A critical and consistent aspect of the best practices listed above is the need to stay up to date on regional laws and regulations. Compliance is a dynamic and ongoing process, with new technology emerging and guidance continually evolving—sometimes very swiftly. Even once an organization has established its data sovereignty principles, ongoing validation and compliance are dependent on regular check-ins across all relevant regions and jurisdictions.

Address Sovereignty Requirements with Oracle Sovereign Cloud

To help organizations around the world address the many different data sovereignty requirements, Oracle offers a collection of Oracle Cloud Infrastructure (OCI) sovereignty solutions—deployment models designed to help address specific commercial and governmental needs with full OCI features. These offerings support customer control over data residency, access, and compliance accreditations for their organizations. In addition, Oracle National Security Regions help provide secure government networks for highly classified and sensitive workloads, while Oracle EU Sovereign Cloud can provide public cloud services, pricing, and programs in line with EU compliance needs.

Learn why Gartner named Oracle’s distributed cloud a leader in offering customers with regulated data all the advantages of the cloud, with greater control over operations, data residency, and proximity.

Data Sovereignty FAQs

What is meant by data sovereignty?

Data sovereignty refers to the concept that the data laws of a specific jurisdiction apply to data stored and generated within its borders. Thus, the personal data of a user within a specific country is subject to the laws of that country. Similarly, if a cloud provider stores data within a different jurisdiction than its customer, multiple regulations may apply to the situation. In most cases, the responsibility for untangling and complying with these regulations falls on the organization that both acquires the data and pays the cloud provider for services, such as a tech company with a smartphone app.

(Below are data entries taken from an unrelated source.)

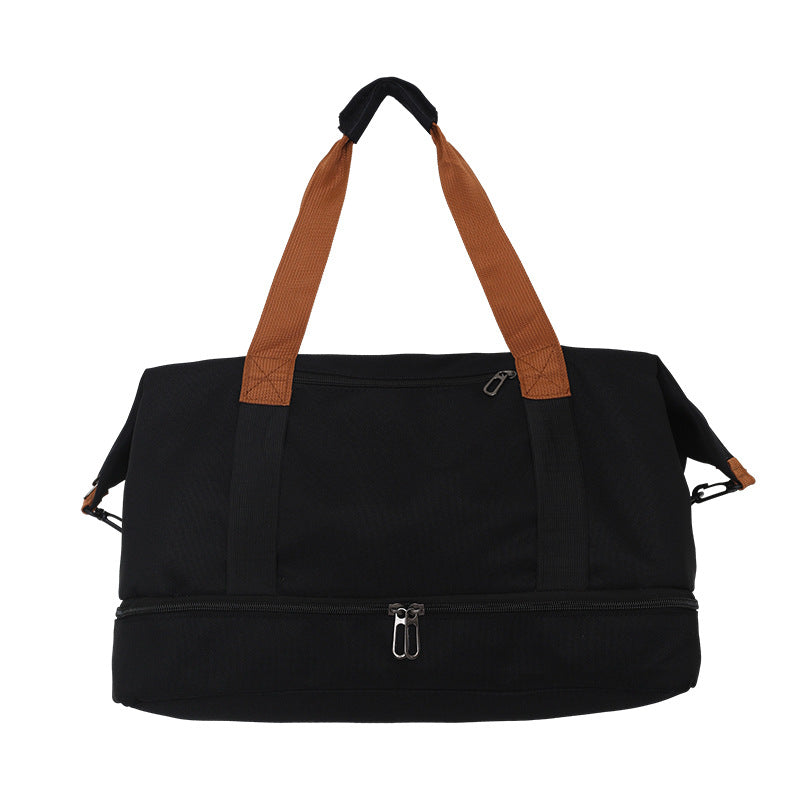 Short-distance Couple Portable Large Capacity Yoga Luggage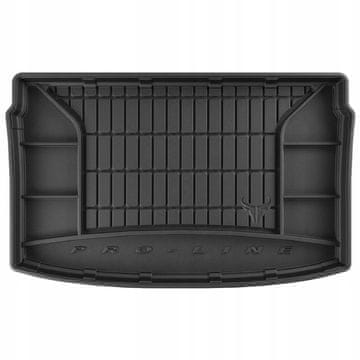 Gumena prostirka za prtljažnik VW Polo 6 Hatchback od 2017.- TM g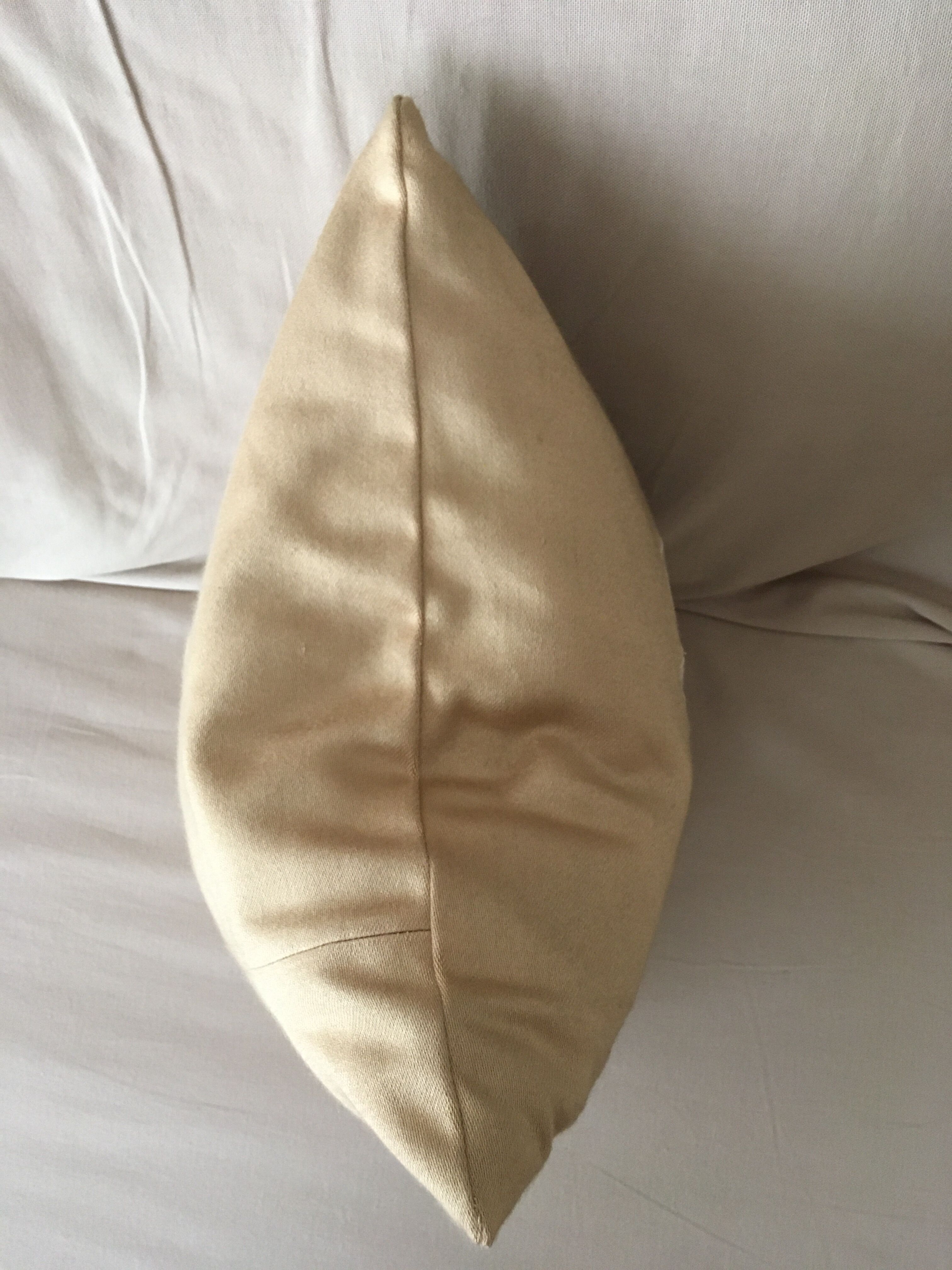 Two Art Deco cushions
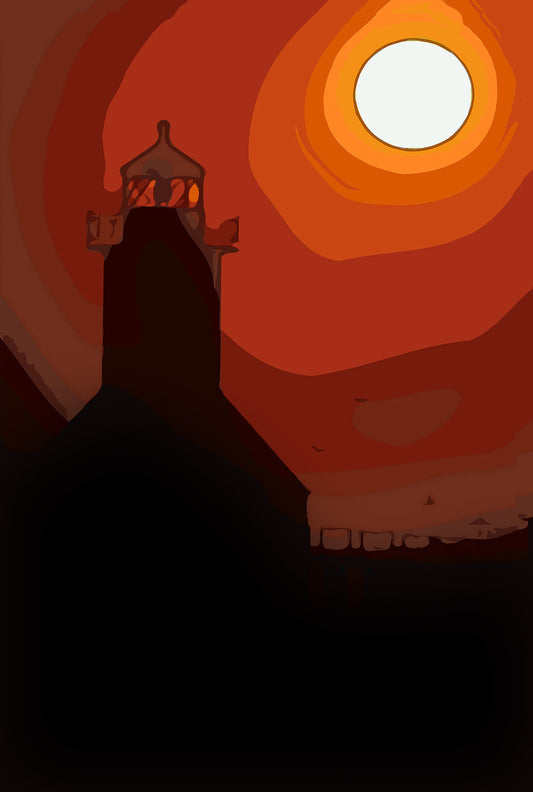 St. Joseph Lighthouse by David Jackson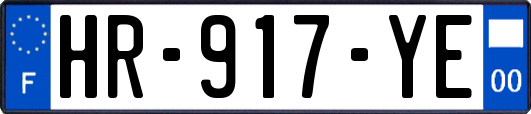 HR-917-YE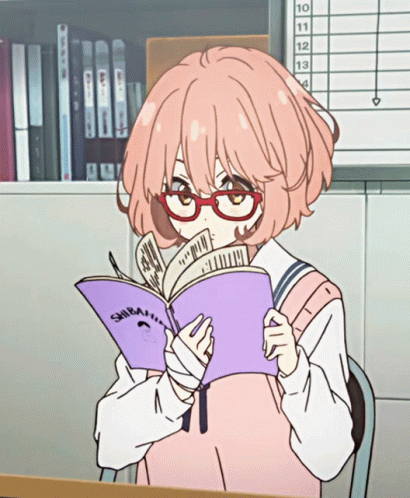 reading gif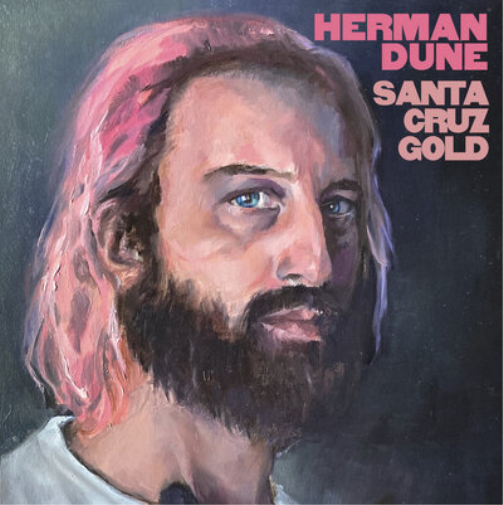 Herman Dune Santa Cruz Gold (Vinyl LP) 12" Album Coloured Vinyl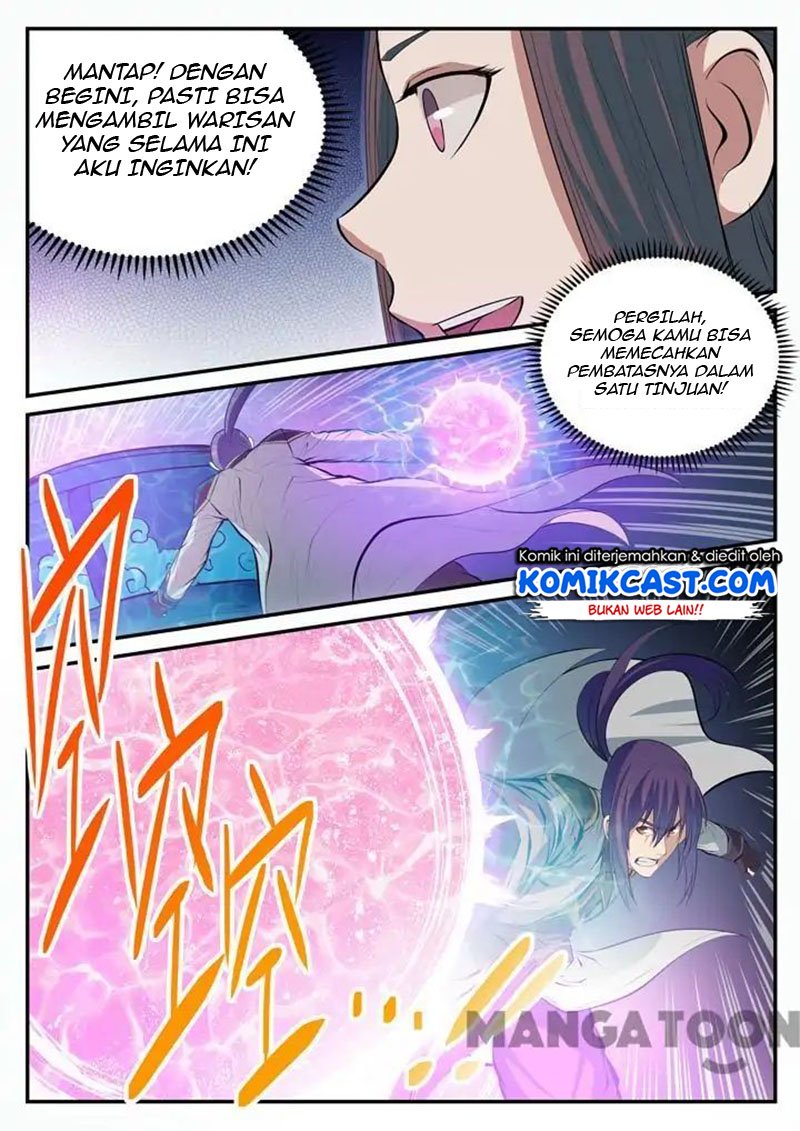 Apotheosis Chapter 111 - halaman 14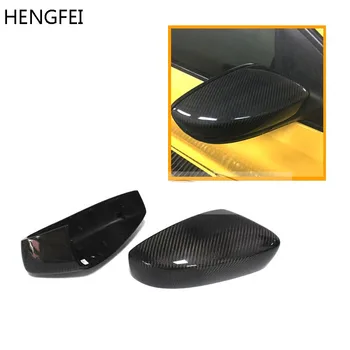 

Car parts Hengfei Carbon fiber mirror cover mirror shell for Volkswagen UP mirror housing case
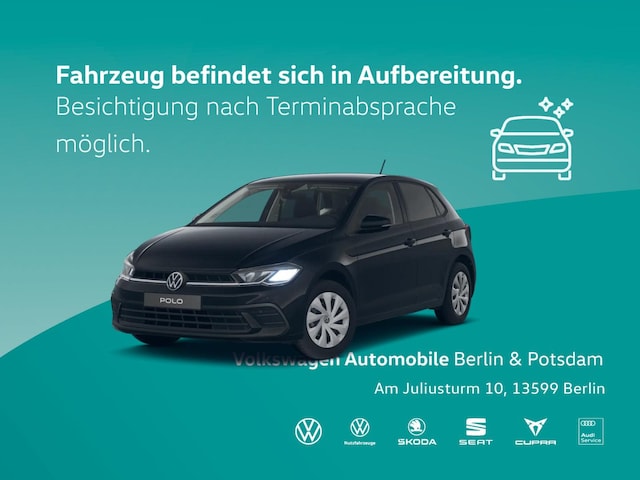 Volkswagen Polo 1.0 TSI Life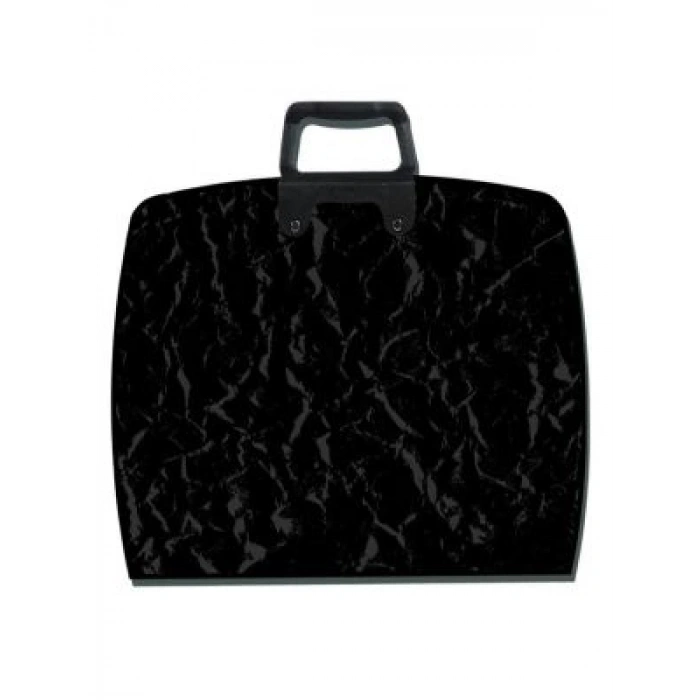 3E Grup - Abka 28x38cm Askılı Resim Çantası Siyah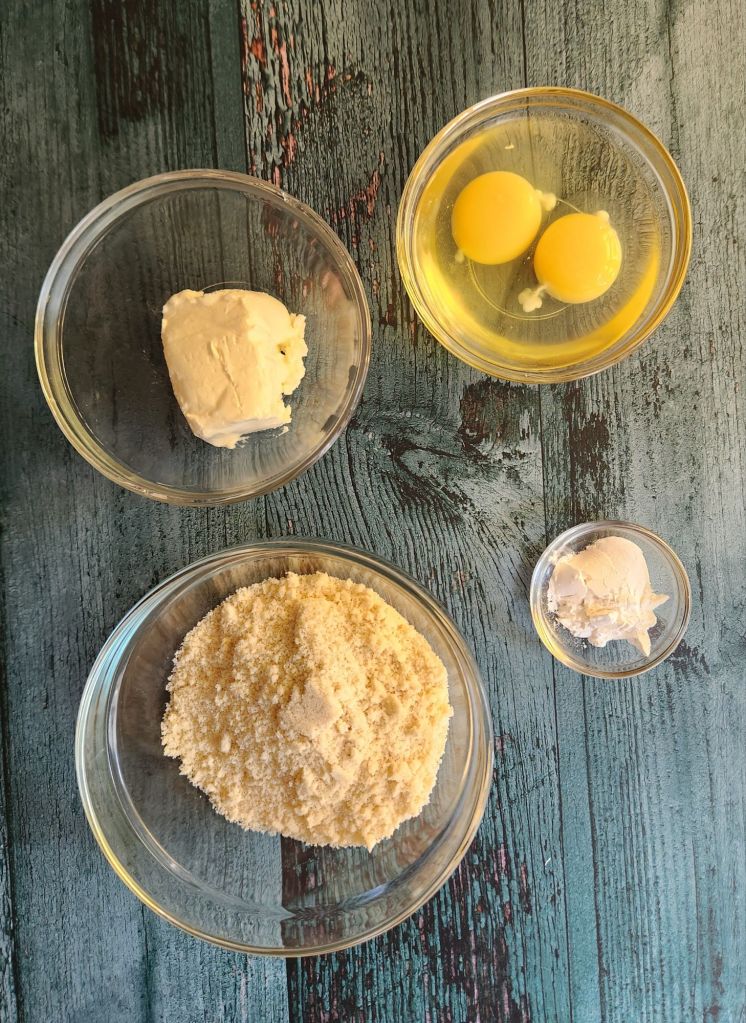 What you'll need to make The best ever gluten free soft hamburger buns recipe.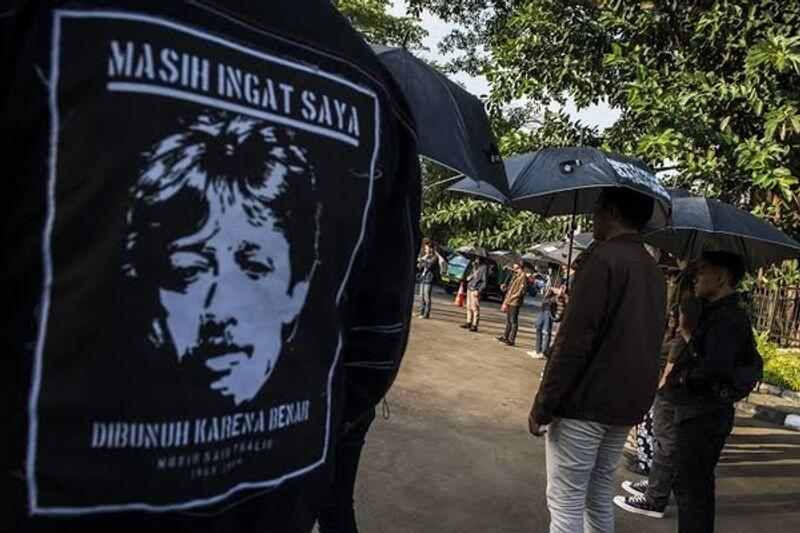 Masih Ada Harapan Tuntaskan Kasus Munir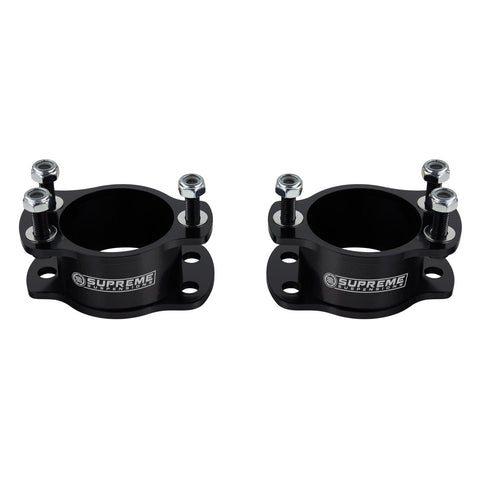 2006-2010 Ford Explorer Front Suspension Lift Kit 2WD 4WD-Suspension Lift Kits-Supreme Suspensions®-2.5"-Supreme Suspensions®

What is an example including data sovereignty principles?

One of the most well-known examples of including data sovereignty principles is the EU’s GDPR. Conceived in 2016 and active since 2018, the GDPR applies to EU citizens, imposing regulations on personal data privacy, data collection, data protection, and usage of data in automation. The GDPR is often cited as the most influential data privacy law in existence.

Why is data sovereignty important?

In the era of floppy disks, data sovereignty was not discussed much due to the limited ability to transfer data. However, as connectivity and IoT devices have grown in capability, data is constantly being generated everywhere and transmitted across borders as well. Data sovereignty is important because it helps determine what companies are allowed to do with user data, most notably personal data collected via social media or financial data collected via banking apps. In addition, every device or website can present a potential privacy risk due to hackers, thus raising questions about who should be responsible for privacy and safety. Data sovereignty initiatives help establish clear guidelines, restrictions, and liabilities for the companies that are collecting, processing, and storing data.

What is data sovereignty in the United States?

The United States doesn’t have a single, all-encompassing data sovereignty law for its citizens. The Federal Trade Commission has the authority to investigate and prosecute organizations that fail to comply with privacy policies. On a state level, California’s CCPA covers many of the same areas as the EU’s GDPR, which is particularly important given the state’s substantial contribution to the nation’s overall economy—especially the tech sector. Other states such as Oregon, Colorado, and Virginia also have data privacy laws, with more states introducing bills of varying scope in recent years. Relatedly, many pre-GDPR questions regarding privacy and data ethics were raised with the introduction of the USA PATRIOT Act of 2001. It should be noted that the CLOUD Act of 2018 is related to data sovereignty. However, that law focuses on cloud service providers and their responsibility regarding data in the event that law enforcement agencies present warrants or subpoenas.